What. Was. I. Thinking. This is hard. Because the truth is, my house is not spotless, I'm not Mary Poppins. My kids aren't perfect and I don't want them to be. They are screamin, fightin, toy throwin, no pickin up their trash kids. They are getting on my nerves haha! AND I miss my job! Some one tell me I'm not alone.
I knew this whole adventure would be more than I could even imagine. I have loved every blessed second, even when I was dealing with meltdowns, arguing, crying, and the endless mess that comes with kids who know how to be kids. I started this blog with the thought that I would document everything. Not just the happy sunshine and roses posts but an honest look at what this new adventure really is. I almost didn't even write this post. You see, no one wants the world at large to know that this isn't easy and we're not perfect. We want to show up in public never having a day with well dressed (or at least clean) and well mannered kids. We want to look like we have it together. Because if "they" really knew...shew...no one would like me...much less love me. So I decided, in all my 32 fantastic years of wisdom, to be transparent...lay it all out there. Give some one the courage to do what God is calling them to despite their fears or worries. Tonight was a gut check. It is hard to admit my sweet little angel babies are holy terrors. It's hard to admit that while I want this life still, that today working doesn't seem so bad.

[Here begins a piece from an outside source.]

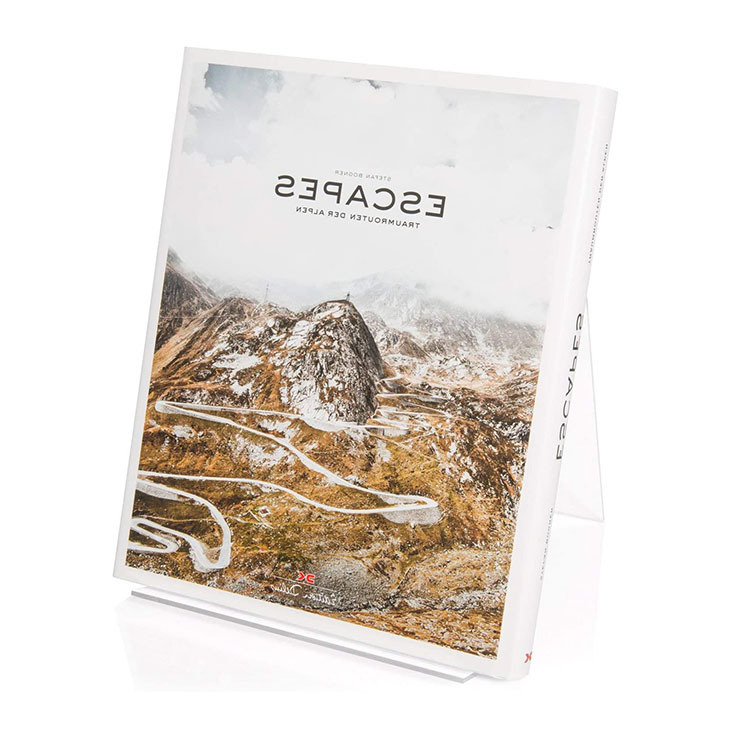 爆款跨境亚克力透明展示架照片相册托架产品展示架样品架商品斜放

I am unfailingly grateful that I serve a God who knows my moods. That I have a Father who sees MY unholy tantrums and behavior and loves me just as I am. That I have one safe place to turn and cry out to, one mighty God who created me for this purpose that he has set before me. That humbling feeling that even after today when they've made me insane that God has entrusted the lives of the two precious babies asleep in their beds to me...with all my short comings and imperfections. Wow...Jesus, help me with my perspective. Create in me a clean heart with pure motives. As I practice patience with my children, remind me of your patience with me. Help me take one step at a time in your direction, guide me as their mother on your path. Help me love them better...help me love them like you do.